On Tue, 7 Jul 2020, David Rientjes wrote:

> Another use case would be motivated by exactly the MemAvailable use case: 
> when bound to a memcg hierarchy, how much memory is available without 
> substantial swap or risk of oom for starting a new process or service?  
> This would not trigger any memory.low or PSI notification but is a 
> heuristic that can be used to determine what can and cannot be started 
> without incurring substantial memory reclaim.
> 
> I'm indifferent to whether this would be a "reclaimable" or "available" 
> metric, with a slight preference toward making it as similar in 
> calculation to MemAvailable as possible, so I think the question is 
> whether this is something the user should be deriving themselves based on 
> memcg stats that are exported or whether we should solidify this based on 
> how the kernel handles reclaim as a metric that will carry over across 
> kernel vesions?
> 

To try to get more discussion on the subject, consider a malloc 
implementation, like tcmalloc, that does MADV_DONTNEED to free memory back 
to the system and how this freed memory is then described to userspace 
depending on the kernel implementation.

 [ For the sake of this discussion, consider we have precise memcg stats 
   available to us although the actual implementation allows for some
   variance (MEMCG_CHARGE_BATCH). ]

With a 64MB heap backed by thp on x86, for example, the vma starts with an 
rss of 64MB, all of which is anon and backed by hugepages.  Imagine some 
aggressive MADV_DONTNEED freeing that ends up with only a single 4KB page 
mapped in each 2MB aligned range.  The rss is now 32 * 4KB = 128KB.
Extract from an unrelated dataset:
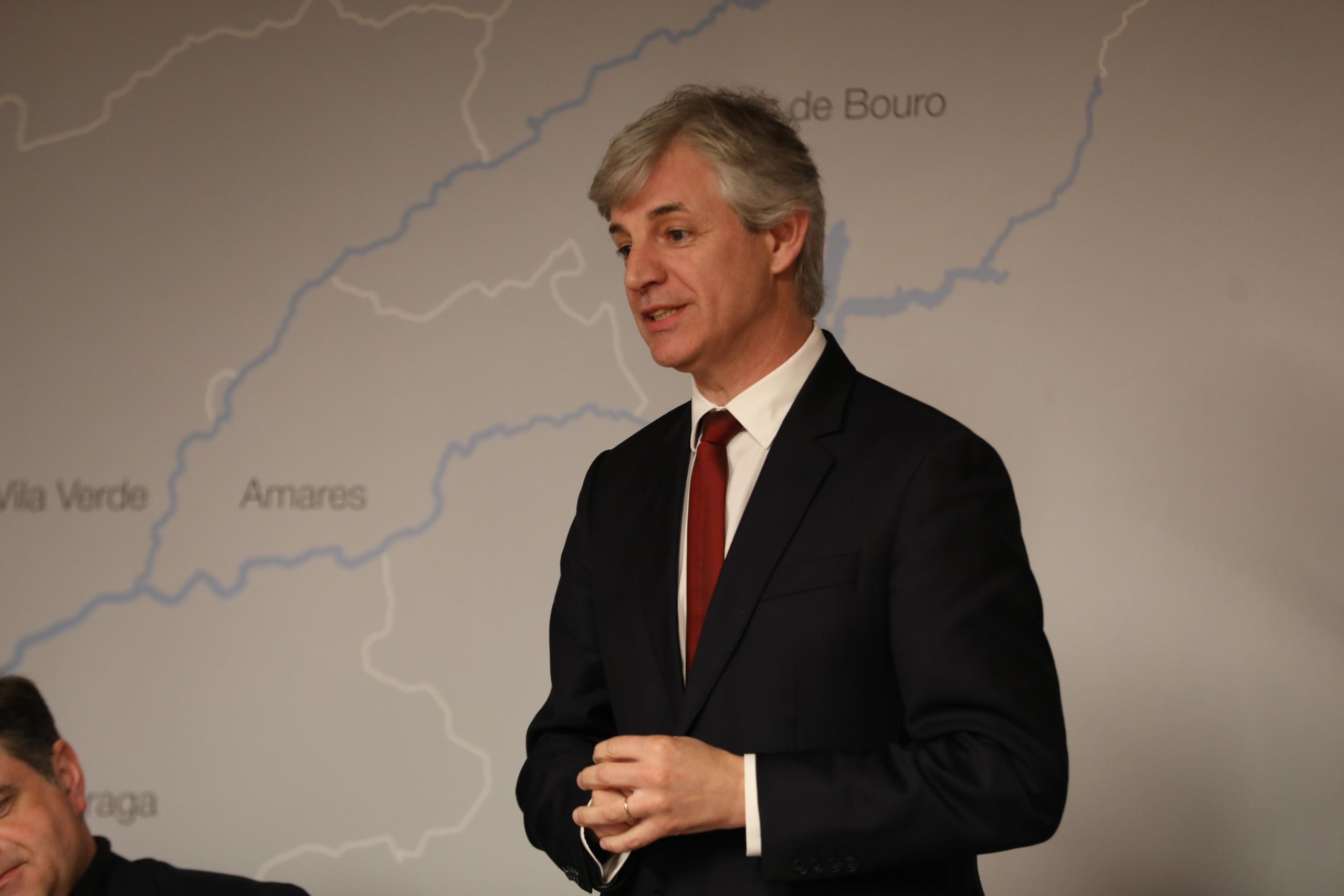 Autarca de Viana do Castelo tranquilo com garantias de segurança de autocarros chineses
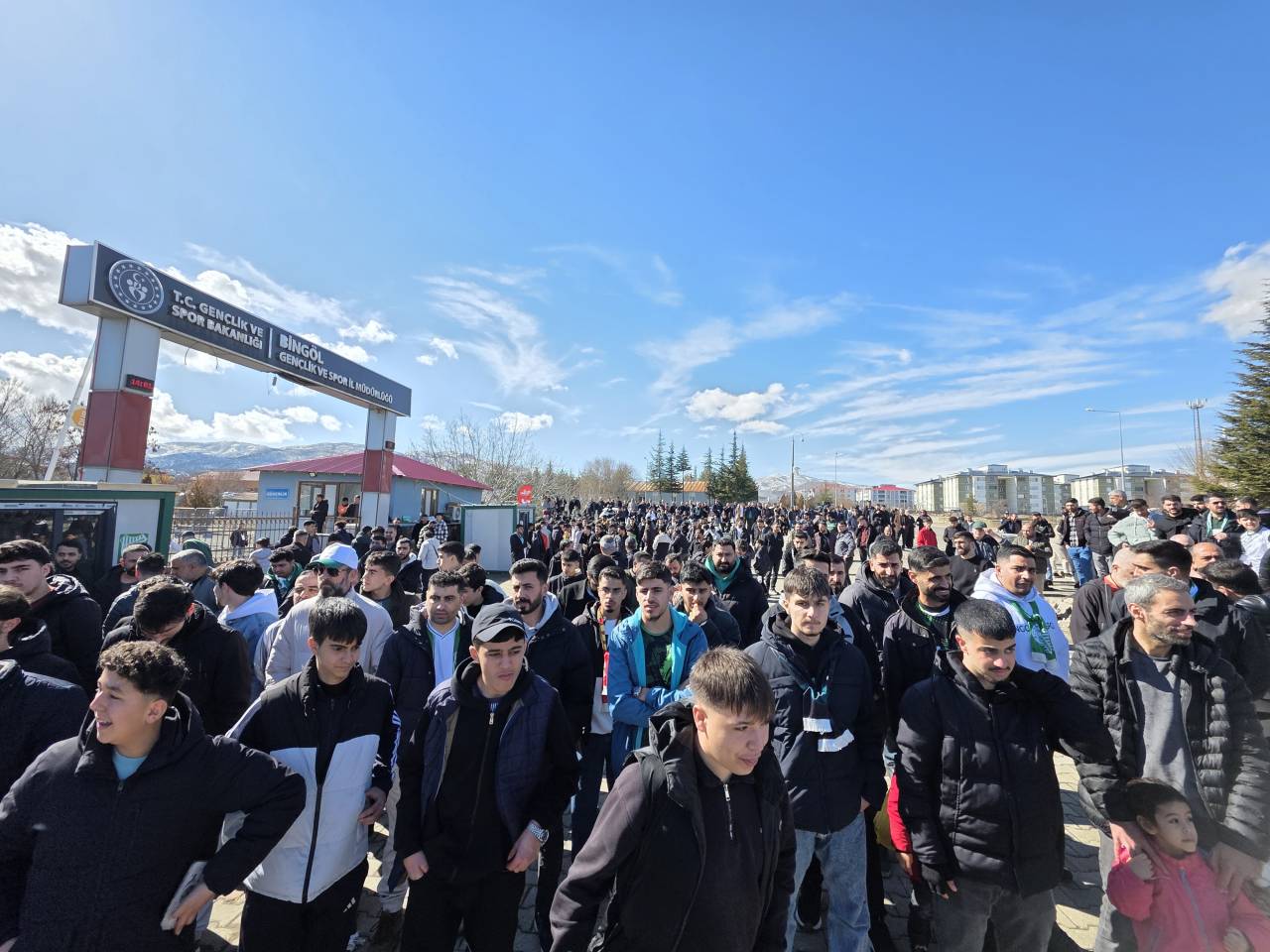 aa-20260215-40563561-40563559-bingolde-cezali-takimlarinin-macini-stat-disinda-dev-ekrandan-izlediler.jpg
Before freeing, anon, anon_thp, and active_anon in memory.stat would all 
be the same for this vma (64MB).  64MB would also be charged to 
memory.current.  That's all working as intended and to the expectation of 
userspace.

After freeing, however, we have the kernel implementation specific detail 
of how huge pmd splitting is handled (rss) in comparison to the underlying 
split of the compound page (deferred split queue).  The huge pmd is always 
split synchronously after MADV_DONTNEED so, as mentioned, the rss is 128KB 
for this vma and none of it is backed by thp.

What is charged to the memcg (memory.current) and what is on active_anon 
is unchanged, however, because the underlying compound pages are still 
charged to the memcg.  The amount of anon and anon_thp are decreased 
in compliance with the splitting of the page tables, however.

So after freeing, for this vma: anon = 128KB, anon_thp = 0, 
active_anon = 64MB, memory.current = 64MB.

In this case, because of the deferred split queue, which is a kernel 
implementation detail, userspace may be unclear on what is actually 
reclaimable -- and this memory is reclaimable under memory pressure.  For 
the motivation of MemAvailable (what amount of memory is available for 
starting new work), userspace *could* determine this through the 
aforementioned active_anon - anon (or some combination of
memory.current - anon - file - slab), but I think it's a fair point that 
userspace's view of reclaimable memory as the kernel implementation 
changes is something that can and should remain consistent between 
versions.

Otherwise, an earlier implementation before deferred split queues could 
have safely assumed that active_anon was unreclaimable unless swap were 
enabled.  It doesn't have the foresight based on future kernel 
implementation detail to reconcile what the amount of reclaimable memory 
actually is.

Same discussion could happen for lazy free memory which is anon but now 
appears on the file lru stats and not the anon lru stats: it's easily 
reclaimable under memory pressure but you need to reconcile the difference 
between the anon metric and what is revealed in the anon lru stats.

That gave way to my original thought of a si_mem_available()-like 
calculation ("avail") by doing

	free = memory.high - memory.current
	lazyfree = file - (active_file + inactive_file)
	deferred = active_anon - anon

	avail = free + lazyfree + deferred +
		(active_file + inactive_file + slab_reclaimable) / 2

And we have the ability to change this formula based on kernel 
implementation details as they evolve.  Idea is to provide a consistent 
field that userspace can use to determine the rough amount of reclaimable 
memory in a MemAvailable-like way.